Under France’s so-called Hadopi law, alleged copyright infringers will be reported to a judge once they have received three official warnings for illicit file-sharing. Those judges are empowered to hand down any one of a range of penalties, from fines through to disconnecting the infringer from the Internet.
However, to get caught sharing copyright material, Internet users have to be monitored on file-sharing networks by the rights holders. The entertainment companies entrusted that spying job to Trident Media Guard (TMG) but during the last few hours, much to the amusement of opponents of France’s approach to enforcement, TMG has been hacked.
Actually, hacked is probably too strong a word, since it appears TMG left the front door open.
“A virtual machine leaked a lot of information like scripts, p2p clients to generate fake peers, local physical addresses in the datacenter and even a password that could lead to a major global TMG security breach,” French security researcher Olivier Laurelli, aka Bluetouff, just informed TorrentFreak.
TorrentFreak obtained copies of the files leaked from the TMG server (image above, cropped) and we’re in the process of trying work out exactly what they do which may take some time.
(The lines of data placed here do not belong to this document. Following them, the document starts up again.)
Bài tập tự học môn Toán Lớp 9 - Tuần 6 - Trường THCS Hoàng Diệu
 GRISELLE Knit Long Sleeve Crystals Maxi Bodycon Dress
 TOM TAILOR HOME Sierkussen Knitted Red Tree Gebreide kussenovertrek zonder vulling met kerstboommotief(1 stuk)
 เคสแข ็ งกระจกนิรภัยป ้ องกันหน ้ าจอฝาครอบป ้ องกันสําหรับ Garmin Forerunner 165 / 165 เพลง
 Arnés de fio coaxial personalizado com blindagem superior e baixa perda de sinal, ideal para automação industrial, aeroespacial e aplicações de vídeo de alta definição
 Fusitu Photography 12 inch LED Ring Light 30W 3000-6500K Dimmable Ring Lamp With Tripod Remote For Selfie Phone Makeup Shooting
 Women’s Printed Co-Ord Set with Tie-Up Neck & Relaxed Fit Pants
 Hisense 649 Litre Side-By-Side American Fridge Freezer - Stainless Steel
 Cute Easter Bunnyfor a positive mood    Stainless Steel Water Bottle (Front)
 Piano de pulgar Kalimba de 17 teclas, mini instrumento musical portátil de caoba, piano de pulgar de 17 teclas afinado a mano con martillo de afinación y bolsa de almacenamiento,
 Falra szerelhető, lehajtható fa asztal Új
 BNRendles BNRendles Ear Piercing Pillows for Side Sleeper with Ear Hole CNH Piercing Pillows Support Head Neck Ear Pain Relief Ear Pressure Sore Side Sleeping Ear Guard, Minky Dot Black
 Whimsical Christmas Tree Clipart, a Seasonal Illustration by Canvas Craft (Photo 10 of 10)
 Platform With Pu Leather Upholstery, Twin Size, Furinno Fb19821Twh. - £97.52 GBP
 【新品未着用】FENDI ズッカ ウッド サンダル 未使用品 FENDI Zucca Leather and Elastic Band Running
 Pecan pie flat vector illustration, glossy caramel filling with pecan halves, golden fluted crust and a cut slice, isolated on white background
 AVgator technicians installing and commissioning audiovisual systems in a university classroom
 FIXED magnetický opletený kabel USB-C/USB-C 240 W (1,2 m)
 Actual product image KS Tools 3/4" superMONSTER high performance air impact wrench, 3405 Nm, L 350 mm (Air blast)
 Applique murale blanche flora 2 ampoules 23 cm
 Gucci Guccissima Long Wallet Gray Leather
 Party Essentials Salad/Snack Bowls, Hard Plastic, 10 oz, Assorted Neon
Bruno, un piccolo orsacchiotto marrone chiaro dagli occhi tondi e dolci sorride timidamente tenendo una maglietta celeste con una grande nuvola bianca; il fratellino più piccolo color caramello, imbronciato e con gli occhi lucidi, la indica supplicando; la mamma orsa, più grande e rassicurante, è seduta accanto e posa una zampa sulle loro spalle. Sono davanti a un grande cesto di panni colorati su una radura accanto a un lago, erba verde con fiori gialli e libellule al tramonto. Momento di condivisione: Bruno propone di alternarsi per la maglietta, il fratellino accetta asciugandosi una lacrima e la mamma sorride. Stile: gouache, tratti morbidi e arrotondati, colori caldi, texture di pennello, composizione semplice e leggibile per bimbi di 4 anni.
One of the files is an executable called ‘server_interface’ while there are also batch files which appear to start two file-sharing clients, eMule and Shareaza. These are likely to be special versions, probably modified for conducting both monitoring and spoofing on eD2K and BitTorrent networks respectively. The screenshot below (of code labelled ‘Poster’ in action) also appears to be connected to the publishing of fakes on file-sharing networks.
Another file – cmd_auto_update_cmd_file.txt – is the one carrying the worrying password referred to by Bluetouff earlier.
TMG’s security appears to be so low that Bluetouff suggests that either Christmas has come early for people wanting a poke around around an anti-piracy system or it’s some kind of weird honeypot.
TorrentFreak was also supplied with a list of IP addresses which pulled up some interesting web interfaces but we won’t publish those nor the leaked files for now.
“It’s a huge fail that could impact the graduated response (repression), during the next days,” Bluetouff concludes.